Commonwealth v. Mercado, 422 Mass. 367, 371‑372, 663 N.E.2d
243 (1996). The motion judge listed as
factors justifying Officer Riley's conducting a protective pat frisk of the
defendant: (1) that Officer Riley was
alone; (2) that it was ten o'clock at
night; (3) that Riley's encounter with
the defendant took place in the Dorchester section of Boston. These three factors are plainly insufficient
to justify the protective search of the defendant. Even combining the factors of the place, the
hour, and the absence of other officers with the defendant's wobbly bicycle
riding and efforts at concealing something, I do not think these circumstances
are sufficient to justify the pat frisk as a permissible[49 Mass.App.Ct. 627] protective search. (FN1)
Here the defendant's attempt to hide something under his shirt permitted
Officer Riley to form a reasonable suspicion that the defendant was a minor in
possession of alcohol, something that would have posed no danger to the
officer. "[T]he ... [police] have
pointed to no particular facts from which they reasonably could infer that the defendant was armed and
dangerous." Commonwealth v. Gutierrez, 26 Mass.App.Ct. 42, 47, 522 N.E.2d 1002 (1988) (emphasis in
original). But if Officer Riley had a
reasonable suspicion that the defendant was concealing harmless contraband, he
could not also have had a reasonable suspicion, based on the very same
evidence, that the defendant was concealing a weapon. (FN2)
The trial
judge made a specific finding, based in part on her own questioning of Officer
Riley, that the officer had only reached out to the defendant with the
intention of pat frisking him, but had not actually touched him, when the
defendant moved his left arm, allowing the handgun he had been concealing to
fall into plain view. I accept the
judge's finding of fact on this point.
To me,
that Riley had not touched the defendant when the gun fell has legal
significance. Suppression is required if
the gun was discovered as the result of an illegal search. See
Commonwealth v. Loughlin, 385 Mass. 60, 63, 430
N.E.2d 823 (1982) ("Because the evidence in issue was traceable to the
illegal pat‑frisk of Loughlin ... it must in
these circumstances be suppressed as the 'fruit of the poisonous tree'
"). But the defendant is not
entitled to suppression of the gun because it accidentally fell from his person
or was dropped by him in anticipation
of an illegal search. See and compare State v. Smith, 134 N.J. 599, 621, 637
A.2d 158 (1994) ("the premature announcement of an intent to perform a pat‑down
does not debilitate the officer so that he will not later be able to perform a
pat‑down should sufficient facts come to light").
The motion
judge warrantably could deny the defendant's [49 Mass.App.Ct.
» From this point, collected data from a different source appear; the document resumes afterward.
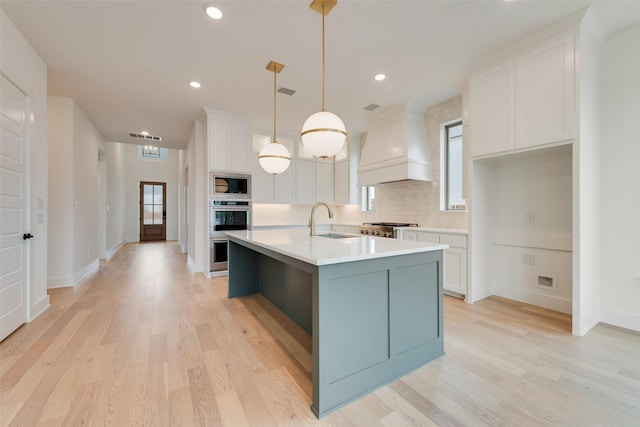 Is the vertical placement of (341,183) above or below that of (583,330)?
above

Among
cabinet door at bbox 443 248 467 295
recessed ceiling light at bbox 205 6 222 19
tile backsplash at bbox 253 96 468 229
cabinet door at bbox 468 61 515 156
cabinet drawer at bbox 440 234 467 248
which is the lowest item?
cabinet door at bbox 443 248 467 295

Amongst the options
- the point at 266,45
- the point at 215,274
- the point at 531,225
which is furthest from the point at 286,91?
the point at 531,225

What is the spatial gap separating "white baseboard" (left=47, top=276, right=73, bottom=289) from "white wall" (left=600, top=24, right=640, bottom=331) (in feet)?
21.9

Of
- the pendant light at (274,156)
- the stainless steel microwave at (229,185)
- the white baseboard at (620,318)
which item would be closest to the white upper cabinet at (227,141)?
the stainless steel microwave at (229,185)

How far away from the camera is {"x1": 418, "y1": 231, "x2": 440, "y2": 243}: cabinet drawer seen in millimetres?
3613

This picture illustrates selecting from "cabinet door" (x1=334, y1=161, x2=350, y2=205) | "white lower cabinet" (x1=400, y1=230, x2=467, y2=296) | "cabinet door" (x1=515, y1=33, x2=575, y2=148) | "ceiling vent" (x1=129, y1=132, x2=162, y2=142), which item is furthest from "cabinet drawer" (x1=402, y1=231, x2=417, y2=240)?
"ceiling vent" (x1=129, y1=132, x2=162, y2=142)

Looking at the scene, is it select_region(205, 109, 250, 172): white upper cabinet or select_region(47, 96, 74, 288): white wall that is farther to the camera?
select_region(205, 109, 250, 172): white upper cabinet

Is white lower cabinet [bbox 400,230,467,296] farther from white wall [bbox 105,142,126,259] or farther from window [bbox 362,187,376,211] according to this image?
white wall [bbox 105,142,126,259]

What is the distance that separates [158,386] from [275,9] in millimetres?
2922

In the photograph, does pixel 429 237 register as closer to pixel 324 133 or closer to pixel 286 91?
pixel 324 133

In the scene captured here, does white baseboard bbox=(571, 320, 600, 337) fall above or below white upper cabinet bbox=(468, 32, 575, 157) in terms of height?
below

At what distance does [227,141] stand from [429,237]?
358cm

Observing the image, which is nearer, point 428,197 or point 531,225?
point 531,225

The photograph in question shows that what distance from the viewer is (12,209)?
8.22ft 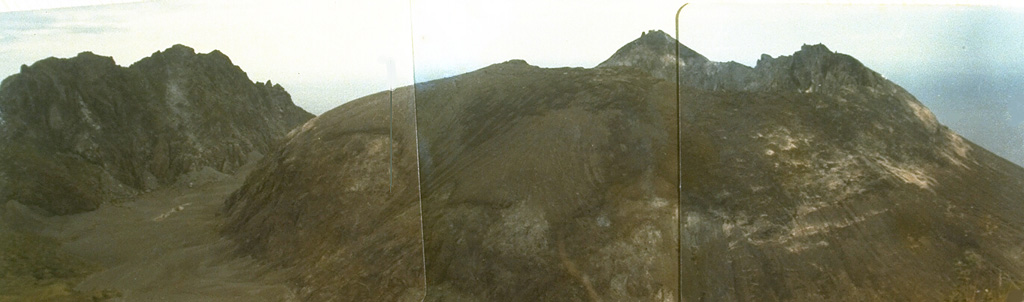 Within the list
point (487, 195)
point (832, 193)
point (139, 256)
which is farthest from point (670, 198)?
point (139, 256)

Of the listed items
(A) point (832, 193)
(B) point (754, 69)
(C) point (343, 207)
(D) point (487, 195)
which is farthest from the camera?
(C) point (343, 207)

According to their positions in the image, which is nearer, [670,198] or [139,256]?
[139,256]

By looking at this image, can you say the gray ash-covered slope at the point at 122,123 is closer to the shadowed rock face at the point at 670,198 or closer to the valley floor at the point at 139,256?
the valley floor at the point at 139,256

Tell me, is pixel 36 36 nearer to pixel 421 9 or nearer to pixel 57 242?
pixel 57 242

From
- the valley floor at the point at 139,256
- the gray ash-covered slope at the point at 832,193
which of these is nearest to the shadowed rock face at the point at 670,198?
the gray ash-covered slope at the point at 832,193

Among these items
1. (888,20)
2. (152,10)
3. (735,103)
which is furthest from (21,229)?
(888,20)

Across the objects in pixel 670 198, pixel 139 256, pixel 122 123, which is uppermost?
pixel 122 123

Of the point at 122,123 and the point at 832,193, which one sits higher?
the point at 122,123

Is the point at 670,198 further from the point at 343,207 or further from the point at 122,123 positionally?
the point at 122,123

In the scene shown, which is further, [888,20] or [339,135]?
[339,135] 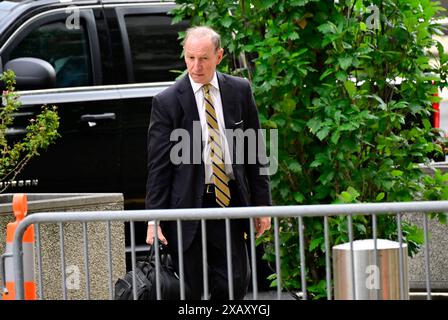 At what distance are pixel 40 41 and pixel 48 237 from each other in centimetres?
243

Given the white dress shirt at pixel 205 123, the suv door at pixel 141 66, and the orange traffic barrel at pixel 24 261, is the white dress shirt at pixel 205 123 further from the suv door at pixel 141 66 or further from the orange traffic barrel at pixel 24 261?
the suv door at pixel 141 66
628] motion to suppress because a
valid threshold inquiry was followed by the discovery of the gun before the
investigating officer had begun what would have been an invalid protective pat
frisk.
(FN1.) "The fact that the officer may
have subjectively intended only to make an investigative stop is immaterial as
long as probable cause to arrest existed." Commonwealth v. Owens, 414
Mass. 595, 600, 609 N.E.2d 1208 (1993).
See Commonwealth v. Blais, 428 Mass. 294, 296, 701 N.E.2d 314 (1998).
(FN2.)
Because there was probable cause to arrest, it is unnecessary to consider, as
the concurring justice does, whether the officer's reasonable suspicion that
the defendant was carrying contraband justified his attempt to frisk him, which
caused the weapon to fall into plain view.
(FN1.)
This court need not accept the motion judge's conclusion that on the facts
presented the officer had a reasonable fear for his safety. See
Commonwealth v. Thinh Van Cao,
419 Mass. 383, 384, 644 N.E.2d 1294, cert. denied, 515 U.S. 1146, 115 S.Ct. 2588, 132 L.Ed.2d 836 (1995).
(FN2.)
I do not pause to discuss the Commonwealth's contention that the bottle Officer
Riley thought the defendant was carrying could have been used as a weapon. The idea that Officer Riley feared that the
defendant was suddenly going to club him with the object the defendant was
taking such pains to conceal strains credulity.